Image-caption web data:
-- Opening Marker --

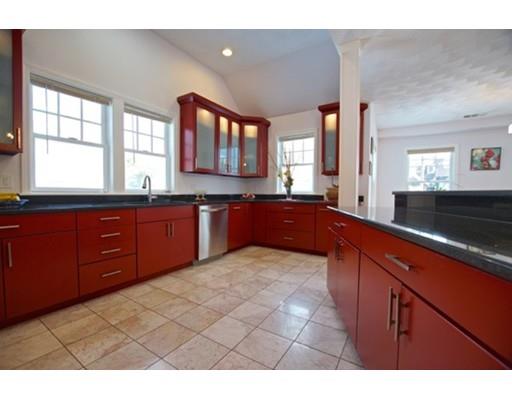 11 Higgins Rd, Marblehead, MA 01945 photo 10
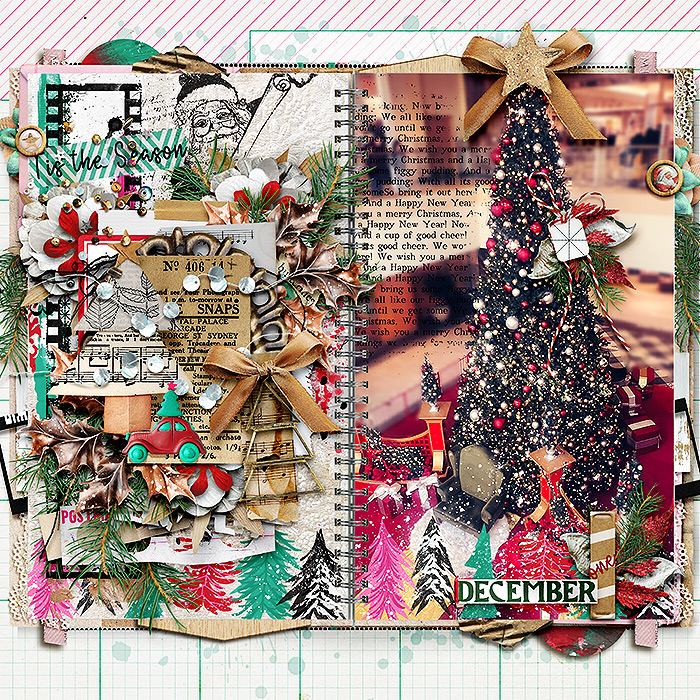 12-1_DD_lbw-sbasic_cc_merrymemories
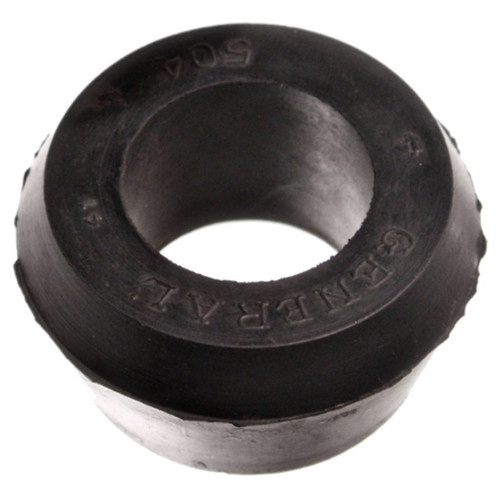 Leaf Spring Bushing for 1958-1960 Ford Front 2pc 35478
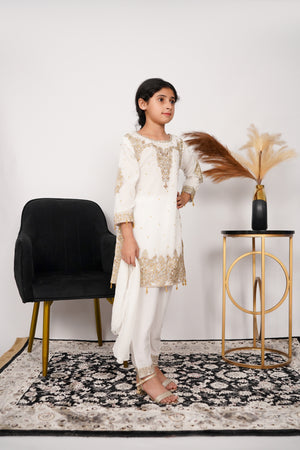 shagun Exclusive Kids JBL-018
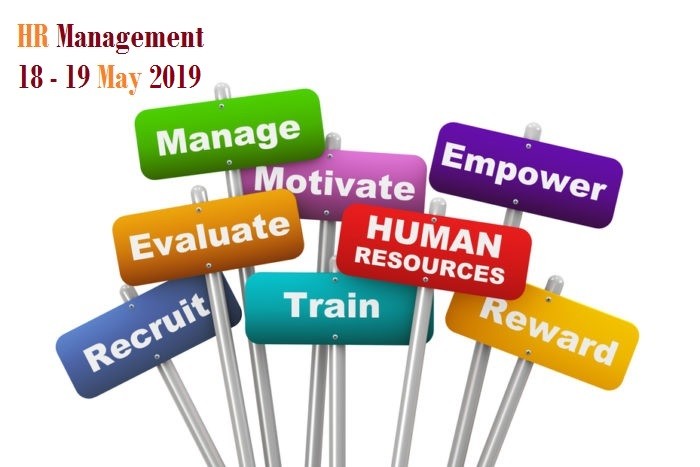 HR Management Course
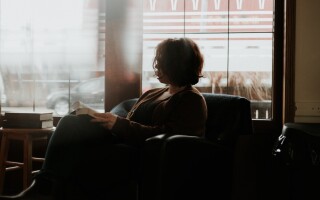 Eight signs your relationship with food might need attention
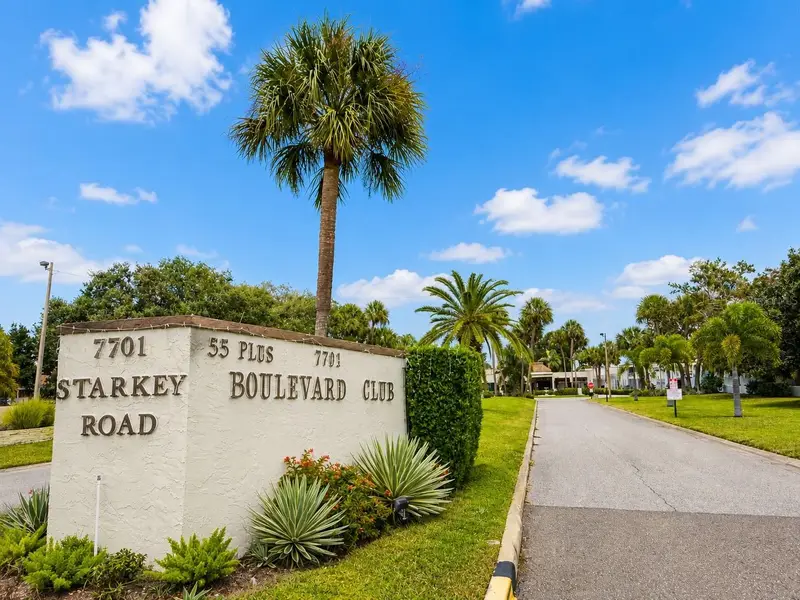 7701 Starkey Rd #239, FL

-- Closing Marker --

**Directions:**
Repeat every record above exactly. The pictures do not belong in the copy.

**Task output:**
 11 Higgins Rd, Marblehead, MA 01945 photo 10
 12-1_DD_lbw-sbasic_cc_merrymemories
 Leaf Spring Bushing for 1958-1960 Ford Front 2pc 35478
 shagun Exclusive Kids JBL-018
 HR Management Course
 Eight signs your relationship with food might need attention
 7701 Starkey Rd #239, FL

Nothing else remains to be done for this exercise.